▶ [ASSIGNED TASK]: Extract only the lines from the start of the entries below to the line with "41566928 ������� ����, 44", inclusive; omit every picture.

▶ [DATA FOR THE TASK]:
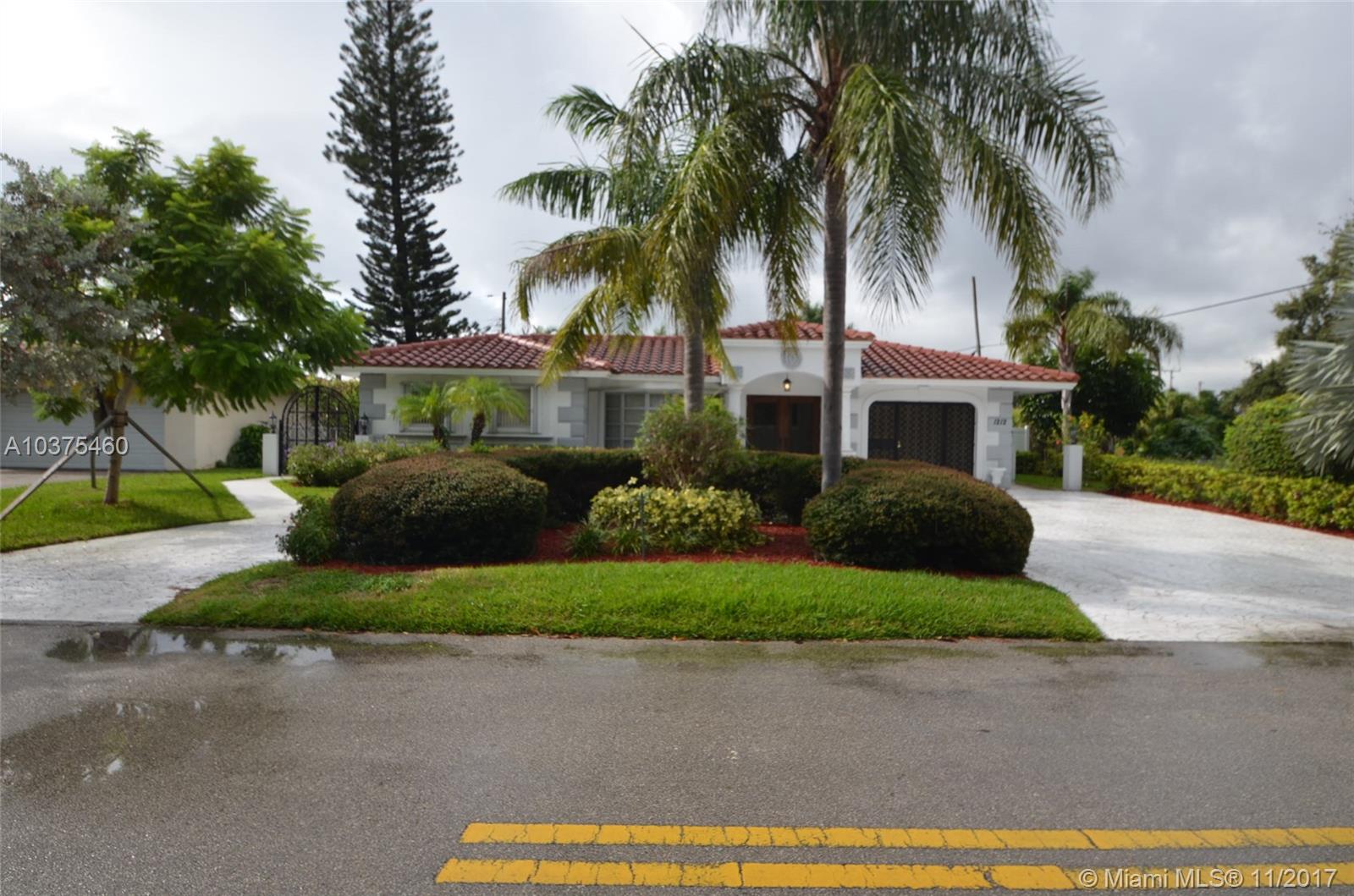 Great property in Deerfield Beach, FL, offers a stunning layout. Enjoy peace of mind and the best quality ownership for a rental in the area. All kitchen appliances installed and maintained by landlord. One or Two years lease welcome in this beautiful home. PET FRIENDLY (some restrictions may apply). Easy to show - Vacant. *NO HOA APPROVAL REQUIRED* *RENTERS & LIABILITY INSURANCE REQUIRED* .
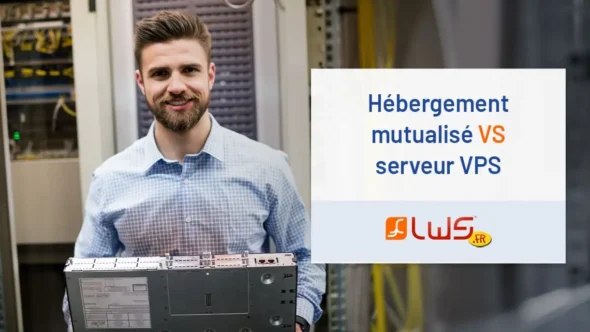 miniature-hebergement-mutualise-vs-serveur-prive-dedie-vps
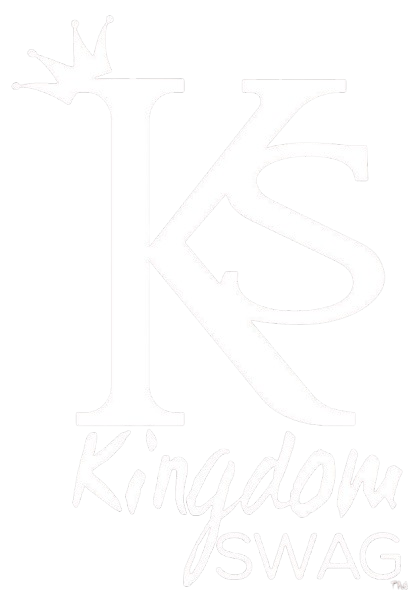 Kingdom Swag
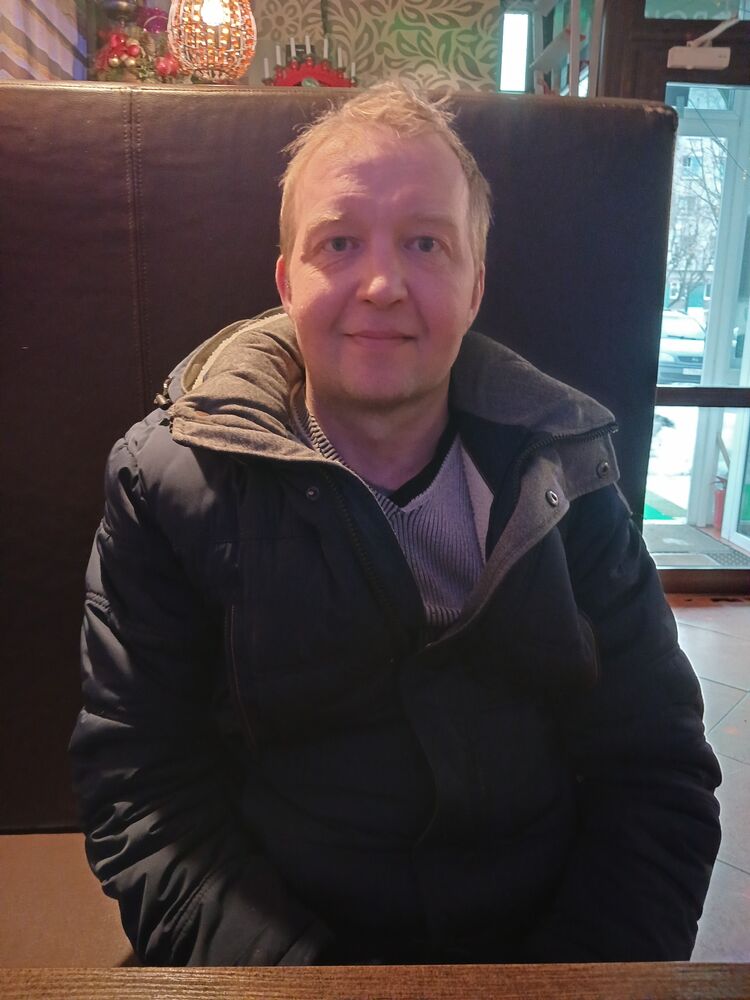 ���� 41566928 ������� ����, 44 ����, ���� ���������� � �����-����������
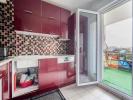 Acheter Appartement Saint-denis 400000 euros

▶ [RESPONSE TO THE EXERCISE]:
 Great property in Deerfield Beach, FL, offers a stunning layout. Enjoy peace of mind and the best quality ownership for a rental in the area. All kitchen appliances installed and maintained by landlord. One or Two years lease welcome in this beautiful home. PET FRIENDLY (some restrictions may apply). Easy to show - Vacant. *NO HOA APPROVAL REQUIRED* *RENTERS & LIABILITY INSURANCE REQUIRED* .
 miniature-hebergement-mutualise-vs-serveur-prive-dedie-vps
 Kingdom Swag
 ���� 41566928 ������� ����, 44 ����, ���� ���������� � �����-����������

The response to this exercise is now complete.